Sharing the costs of defense. Congress wants allies to pay more; Pentagon urges caution

Future historians may look back and decide that 1988 was the year that Uncle Sam finally got tired of carrying a heavy military burden for his friends. Sure, the United States has complained for years that its allies could pay a larger share of the huge costs of mutual defense. Whether to bring US troops home from Western Europe or the Far East is a staple congressional debate.

But this year the arguments have sounded more serious. Behind this change in tone are trends that will intensify in 1989:

Tight budgets. Disbanding US units based overseas could save large sums of money.

Friendlier Soviets. Mikhail Gorbachev's troop-cut proposal has added to a growing public perception of a less-bellicose USSR.

Less-friendly allies. Spain booted out a US military unit; evictions by other nations, notably Greece, may follow.

New threats. The drug trade and terrorism are becoming more important national security worries.

Those still not convinced the NATO status quo is threatened need only read a recent report from a House armed services subcommittee: ``The Panel states in the strongest possible terms that Europeans had better be prepared to defend their territory without a large-scale US ground commitment.''

In the Pentagon, they call this whole issue ``the burden-sharing question.'' And the way it gets discussed, especially in Congress, makes officials nervous.

Not that they don't think our allies should do more. As Defense Secretary Frank Carlucci said in an interview earlier this year ``we want the laggards to reform'' - meaning that nations, such as Belgium, that pay less than their fair share should up the ante.

But veiled public threats, such as the House armed services panel report, make high-ranking Pentagon officers cringe. They see the technique as counter-productive. ``I don't think we accomplish a great deal by putting a club on our allies,'' said the Army chief of staff, Gen. Carl Vuono, earlier this year in one of a series of interviews on broad defense-policy concerns.

Pentagon officials worry that calls for more burden-sharing by allies are in fact just calls to cut the US defense budget. Indeed, US alliance commitments could be a tempting budget-cutter's target: the private Committee for National Security estimates that about 57 percent of the $300 billion-plus defense budget pays for forces that are pledged to defend European soil over the course of a major conflict.

Bringing home whole US divisions from West Germany or South Korea, and disbanding them, is probably not something Congress will vote for this year. More likely is increased congressional agitation for US allies to pick up more of the cost of supporting the 500,000 US troops based overseas.

The House armed services panel report estimated that this sort of burden-sharing could save the Pentagon up to $7.7 billion a year - a sum that could make a huge difference to a Defense Department facing continued zero-growth budgets. Members of Congress are already lining up to introduce amendments calling for such cost-shifting when the fiscal 1990 defense budget is debated next year.

Whether this debate grows into a re-examination of alliance commitments will determine whether the US has reached a turning point in its relations with the rest of the world. Yale history professor Paul Kennedy, in his controversial and best-selling recent book ``The Rise and Fall of the Great Powers,'' argued that the changing world economic situation will make such a reexamination necessary.

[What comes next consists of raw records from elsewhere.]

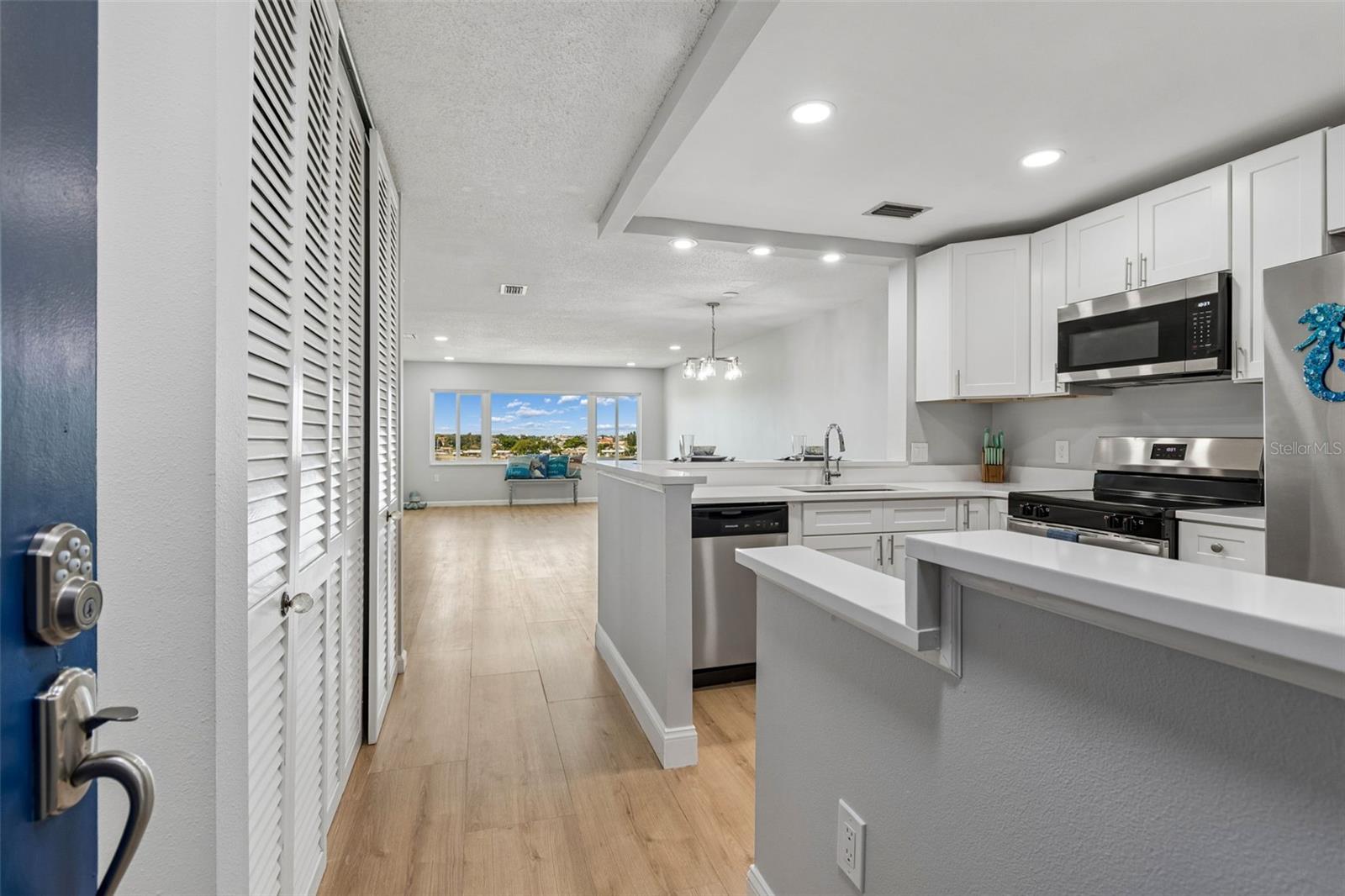 HARBOUR CLUB CONDO 3 - Residential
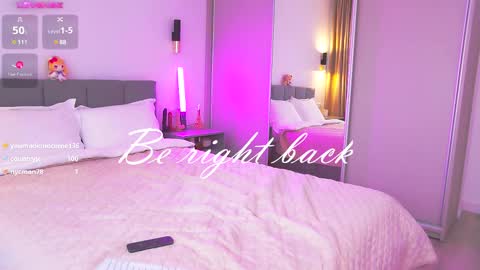 Alisa but you can call me Molli  online show from March 10, 3:41 pm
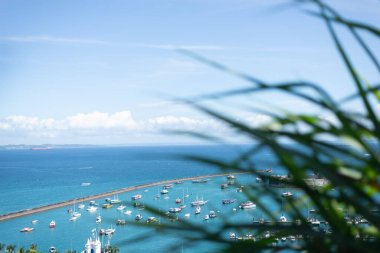 Salvador, Bahia, Brezilya - 02 Nisan 2023: Todos os Santos Körfezi 'nin tepesinden görüş. Brezilya 'nın Bahia eyaletindeki Salvador şehrinden kartpostal..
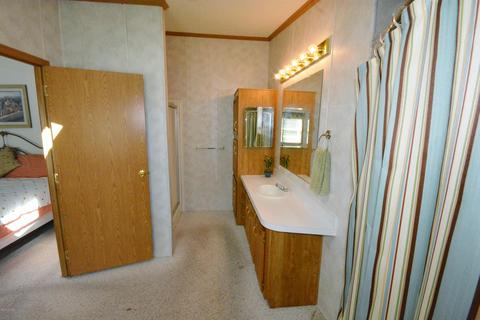 511 W Pine St, Edmore, MI 48829 photo 18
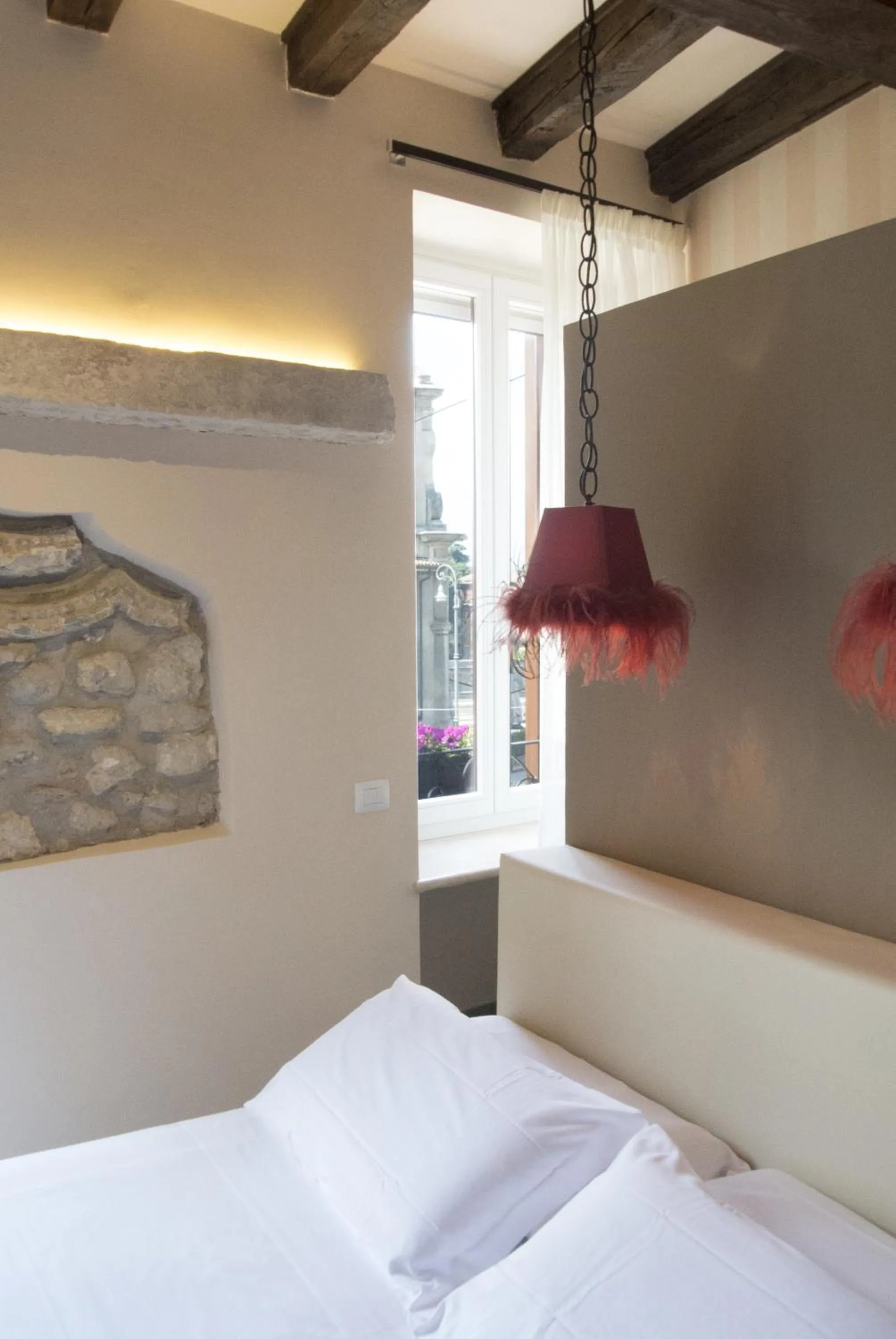 Decorative detail, Bed in B&B Verona Centro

Mr. Kennedy wrote that as the US economic edge over its allies disappears, the country begins to risk ``imperial overstretch.''

``The sum total of the United States' global interests and obligations is nowadays far larger than the country's power to defend them all simultaneously,'' he wrote.

The apparent diminishing of the military threat to Europe from the Soviet Union is another factor pushing a US strategic reexamination. Earlier this year, a Pentagon report called ``Discriminate Deterrence'' called for less focus by the Defense Department on the possibility of a big war in Central Europe.

``We should emphasize a wider range of contingencies'' in military planning, the report concluded.

Among other things, this could mean paying more attention to unilateral US interests in Latin America and other areas of the third world. It could mean more emphasis on training and forces to fight ``low-intensity conflict'', a Pentagon buzzword covering everything from insurgencies to terrorism.

It could also mean focusing more on the Pacific Basin, as the region grows in economic importance and the Soviets themselves devote more attention to the Far East. Whether to emphasize the Pacific or Europe is a US military debate dating back to World War II, often pitting the Pacific-oriented Navy vs. the Europe-oriented Army.

``I think there has been too narrow a focus in our overseas policy with the emphasis on Europe,'' said Chief of Naval Operations Carlisle Trost. ``Having said that, how can you criticize a NATO alliance that's deterred war going on 45 years?''

Is it likely that the US can in fact cajole its allies to shoulder more defense burden? There are encouraging signs. Western European nations are cooperating more on defense, with French-German military exercises and a revival of the West European Union, a NATO precursor. But a wholesale shift of defense spending from the US to Europe is unlikely. Budget cuts, after all, are not only a US phenomenon.

``I think it's naive to expect our European allies are going to make a major change in national priorities,'' said the Air Force chief of staff, Gen. Larry D. Welch.